Viveram as gerações portuguesas menos jovens, décadas que pareceram intermináveis de um regime autoritário que remia pela prisão e tortura os anseios libertários de uma população reprimida e anestesiada.
A Revolução de Abril permitirá substitui-lo por um sistema de livre expressão em que a assumpção da diferença deixa de ser encarada como crime, heresia ou subversão.
Foi uma importante mudança. Mas que, só por si, não garantiu (como não garante) uma plena vivência de liberdade, só alcançável em sociedades em que os imperativos de cidadania não necessitam de ser coercivos, mas se assumem, sim, como prática natural, voluntária e quotidiana.
O que entre nós, convenhamos, ainda não acontece!
Afinal, todas as sociedades são organizadas numa lógica de poder.
E se é verdade que o poder tende a corromper, ainda o é mais que, corruptor ou não, o que ele acarreta, inevitavelmente, é a criação de mecanismos que o tendem a promover e perpetuar.
Nas sociedades ditas marxistas tal aspecto transformou as assim chamadas ditaduras do proletariado em ditaduras em nome do proletariado.
Nas sociedades ditas democráticas, o mesmo adquiriu contornos mais diáfanos e subtis (imperceptíveis para muitos) mas nem, por isso, menos eficazes.
Um primeiro-ministro autoritário tem-nos mostrado que tais condicionantes de acção e opinião podem, facilmente, adquirir uma dimensão de estado.
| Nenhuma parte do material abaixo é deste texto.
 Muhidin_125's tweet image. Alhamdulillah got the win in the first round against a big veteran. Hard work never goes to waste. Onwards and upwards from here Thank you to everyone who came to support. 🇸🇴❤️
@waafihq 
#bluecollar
Os exemplos, na última meia-dúzia de anos, têm sido particularmente esclarecedores.
A crise económica e política que vivemos tem contribuído, ainda mais, para desenvolver tais restrições.
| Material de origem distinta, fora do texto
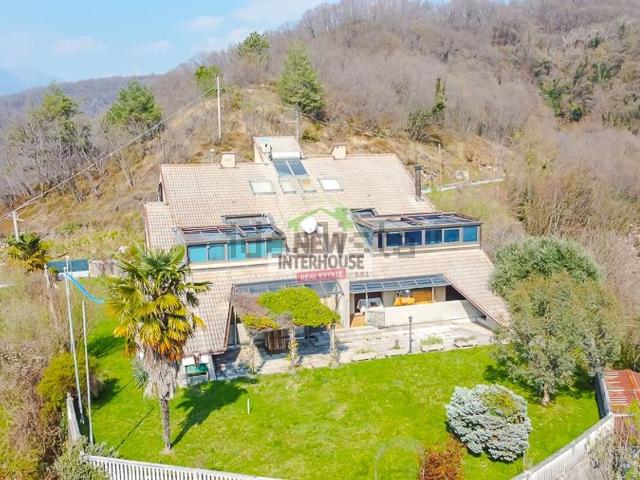Case e ville in vendita di 388 m² in Località R Z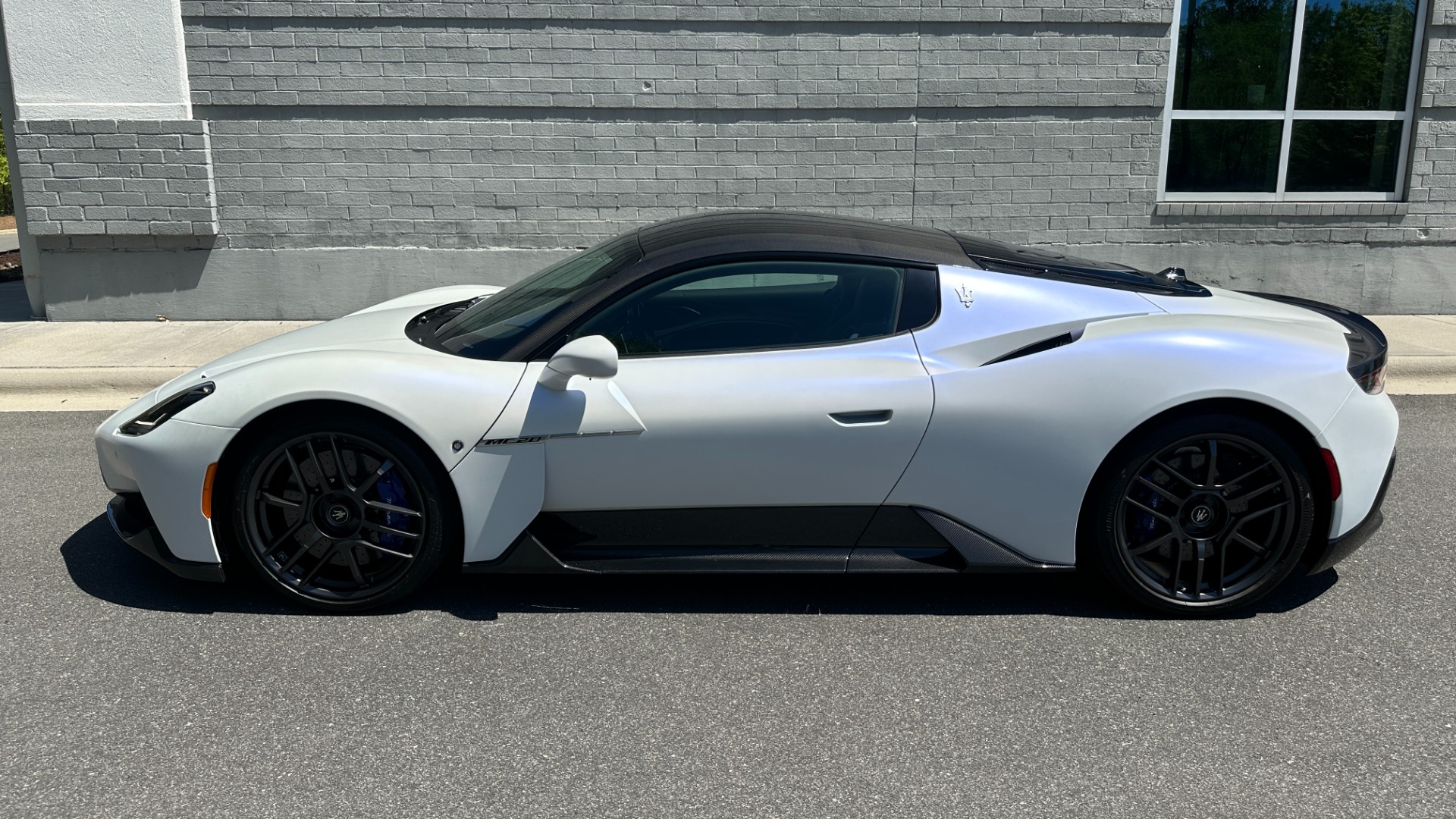 Used 2022 Maserati MC20 TWIN TURBO V6 / $35K FULL CARBON PKG / FRONT LIFT / MATTE PAINT / PPF for sale $278,000 at Formula Imports in Charlotte NC 28227 5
Num país em que as instâncias de poder se apresentam como concentracionárias e o poder administrativo funciona numa lógica piramidal e corporativa, a livre expressão de ideias e opiniões, supostamente predominante nas sociedades democráticas, torna-se cada vez mais problemática.
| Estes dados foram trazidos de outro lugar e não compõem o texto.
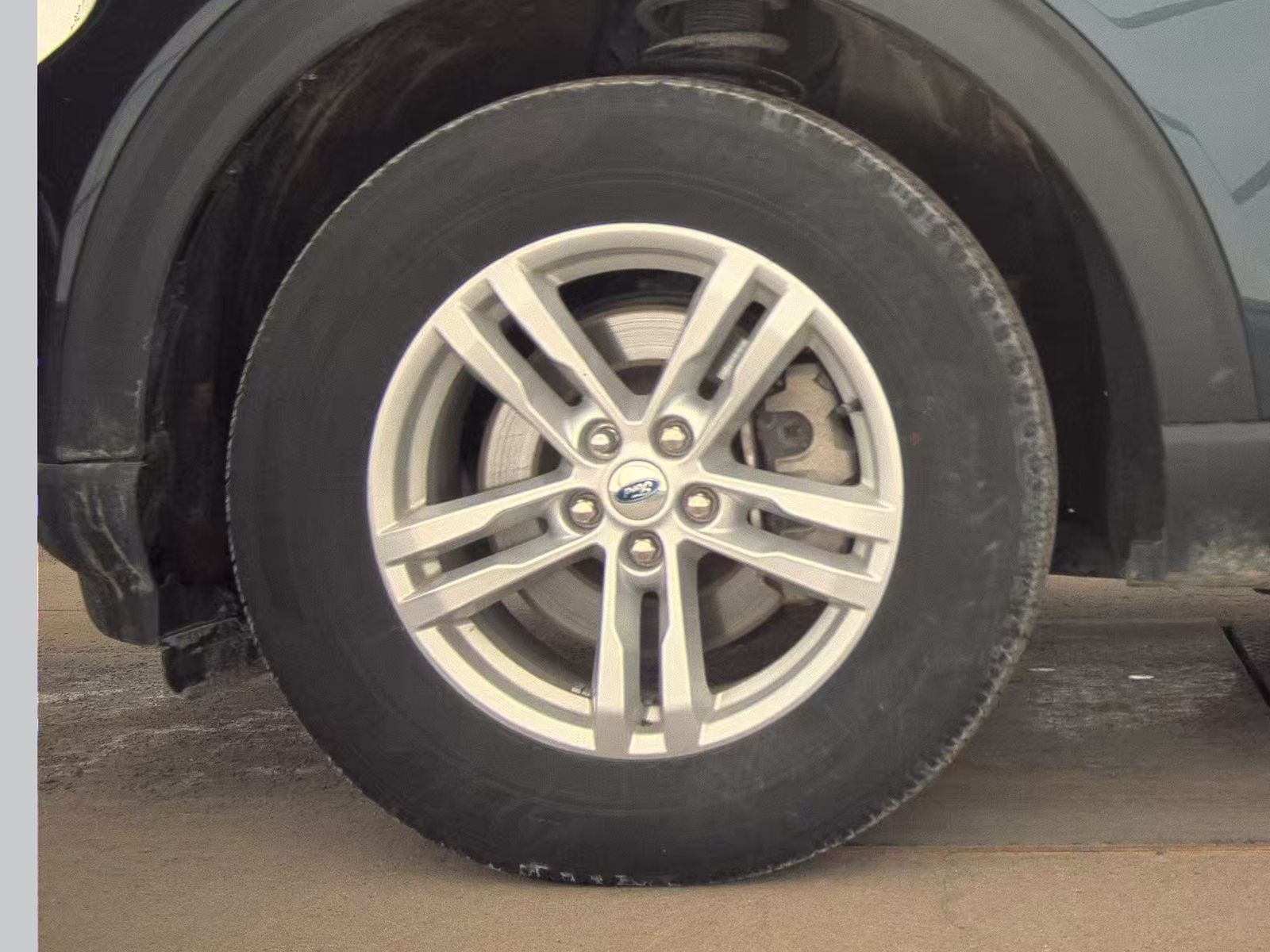 2024 Ford Explorer XLT AWD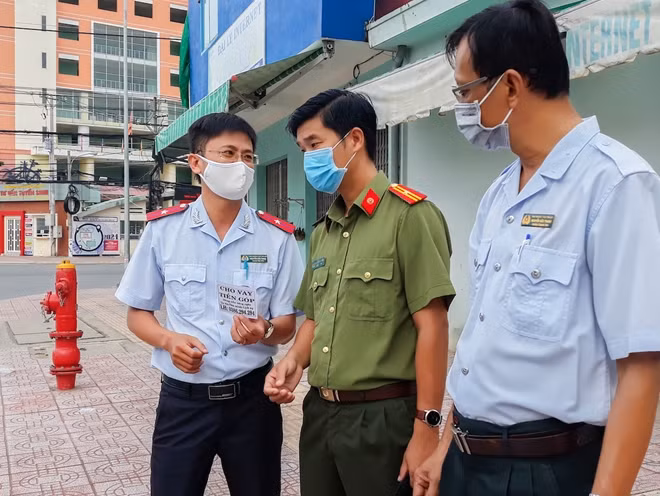 Tờ rơi quảng cáo cho vay tiền được lực lượng làm nhiệm vụ phát hiện.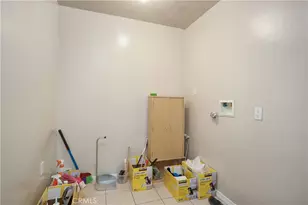 8855 Tyrone Ave, Panorama City, CA 91402 - Photo 17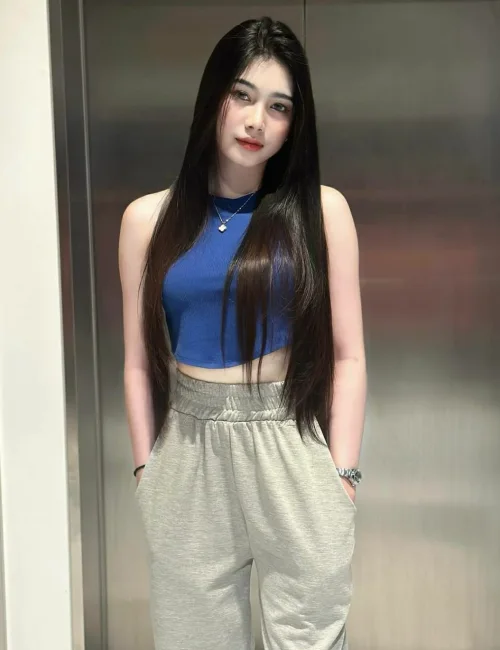 Ariana photo 4, asian, slim, black hair, 173 cm, 53 kg, Medium bust, Hong Kong
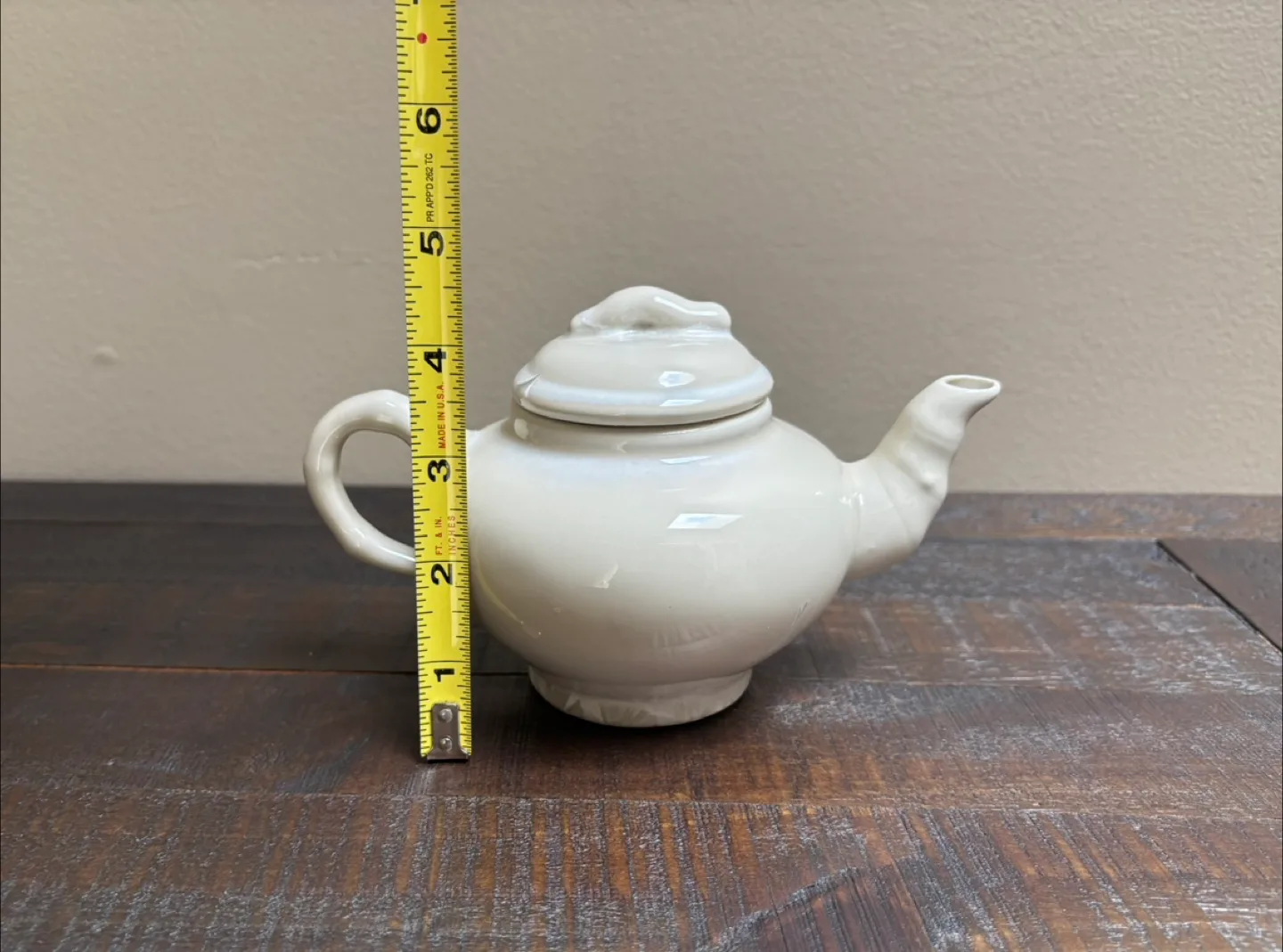 Small Cream Ceramic Teapot image indicator(5)
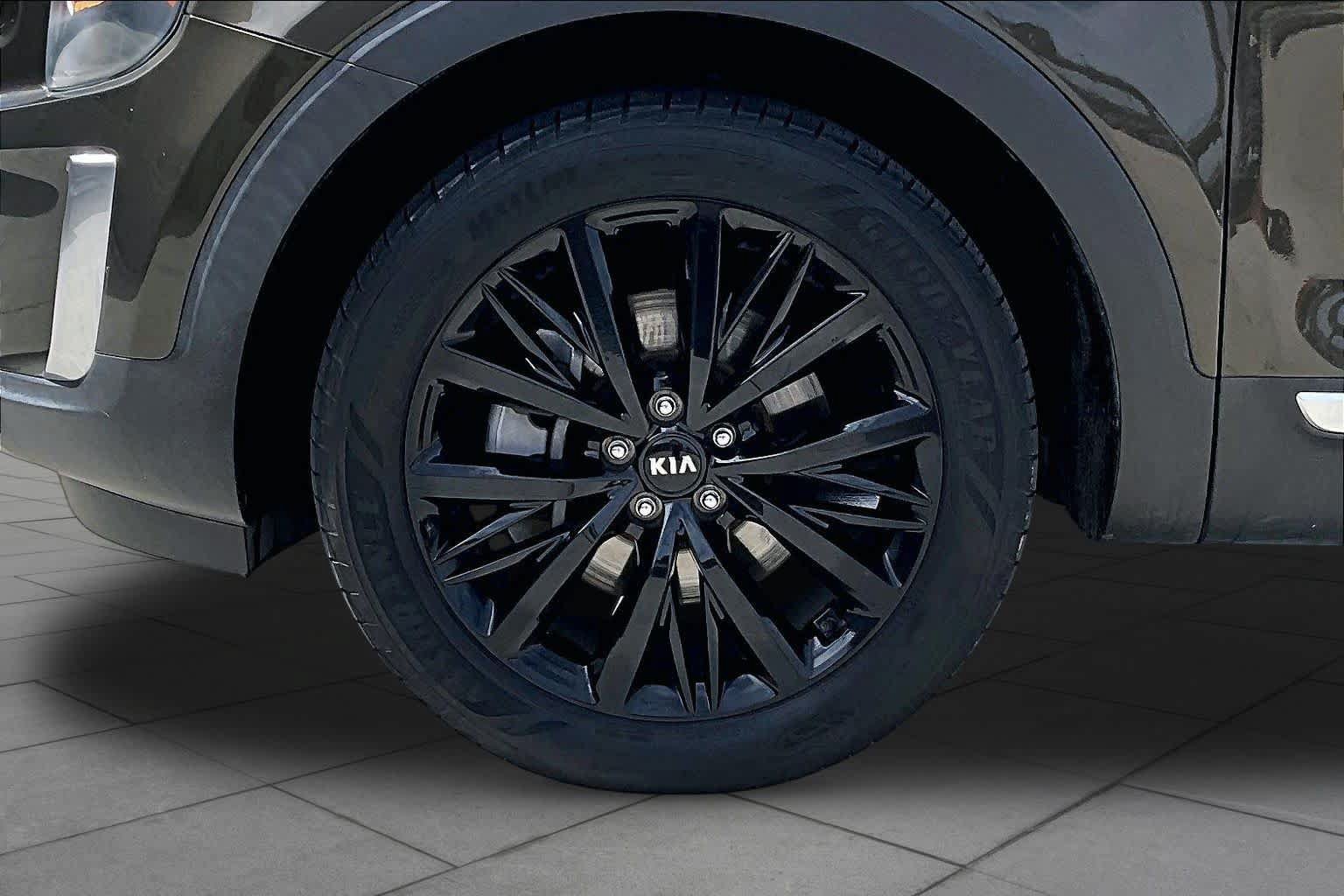 Used 2020 Kia Telluride SX w/ Towing Package AWD/4WD image 10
A dependência dos respectivos poderes (ciosos do seu estatuto e dos seus privilégios) se sempre foi substancial, torna-se hoje anda maior, muitas vezes preponderante e, a supostamente natural livre expressão de ideias e opiniões, transforma-se num risco potencial.
Quantas vezes, por entre recorrentes profissões de fé na liberdade e democracia, se utiliza o poder político e económico de uma forma abusiva, tornada determinante num país, cada vez mais, de escassos recursos.
A lógica zoroastriana que diz que “o bem é o que me beneficia e beneficia os meus interesses e o mal o que me prejudica e beneficia os meus inimigos”, continua, três milénios depois, perfeitamente actual!
E assim, fruto de um enviesado entendimento do uso e abuso das funções públicas (acicatado, ainda, pela conjuntural fragilidade económica) vamos, alegre e inconscientemente, hipotecando aquilo que, afinal, tanto custou a ganhar!